The Agreement between Mexico, the United States and Canada (USMCA), which replaced the North American Free Trade Agreement (NAFTA) as of July 1, 2020, established new guidelines for the Regional Value Content (VCR) of vehicles manufactured in North America. In order to strengthen production in the sector, vehicle manufacturers had a period of three years to gradually increase the VCR of their units.
In the first year of implementation of the T-MEC, the VCR necessary to avoid tariff sanctions was 66%. Subsequently, in 2021, it rose to 69%, in 2022 it reached 72%, and for this 2023 it has increased to 75%. These new guidelines seek to encourage regional production and the use of components made in North America.
The controversy over the VCR methodology
Earlier this year, it was announced that Mexico and Canada had won a favorable ruling in a trade dispute with the United States.
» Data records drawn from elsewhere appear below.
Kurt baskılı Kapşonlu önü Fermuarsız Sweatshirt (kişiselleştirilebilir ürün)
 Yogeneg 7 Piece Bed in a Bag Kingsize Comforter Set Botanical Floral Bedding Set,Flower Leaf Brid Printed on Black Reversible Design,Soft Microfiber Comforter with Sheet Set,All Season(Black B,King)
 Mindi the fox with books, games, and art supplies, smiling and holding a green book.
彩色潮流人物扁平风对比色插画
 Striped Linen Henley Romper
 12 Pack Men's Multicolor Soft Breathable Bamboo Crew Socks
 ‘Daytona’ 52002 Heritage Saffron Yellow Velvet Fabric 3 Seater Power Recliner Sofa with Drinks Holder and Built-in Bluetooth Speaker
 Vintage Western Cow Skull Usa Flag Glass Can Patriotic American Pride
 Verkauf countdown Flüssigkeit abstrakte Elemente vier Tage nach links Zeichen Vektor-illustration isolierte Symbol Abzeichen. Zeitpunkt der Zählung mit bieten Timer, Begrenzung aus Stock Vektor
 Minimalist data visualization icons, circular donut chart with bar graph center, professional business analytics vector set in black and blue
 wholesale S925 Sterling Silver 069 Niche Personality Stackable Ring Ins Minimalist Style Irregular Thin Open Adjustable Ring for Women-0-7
The dispute was resolved through a Dispute Resolution Panel under the USMCA, and the countries argued that the interpretation of the Rules of Origin to obtain the VCR, established by the United States, was incorrect and harmed some vehicle manufacturers. by imposing tariffs. The ruling was in favor of Mexico and Canada, which means that the interpretation of the rules must be corrected so as not to put the automakers at a disadvantage.
The Mexican Association of the Automotive Industry (AMIA) expressed its concern because an official position has not yet been obtained from the United States Government regarding the ruling issued in favor of Mexico and Canada by a USMCA Dispute Settlement Panel .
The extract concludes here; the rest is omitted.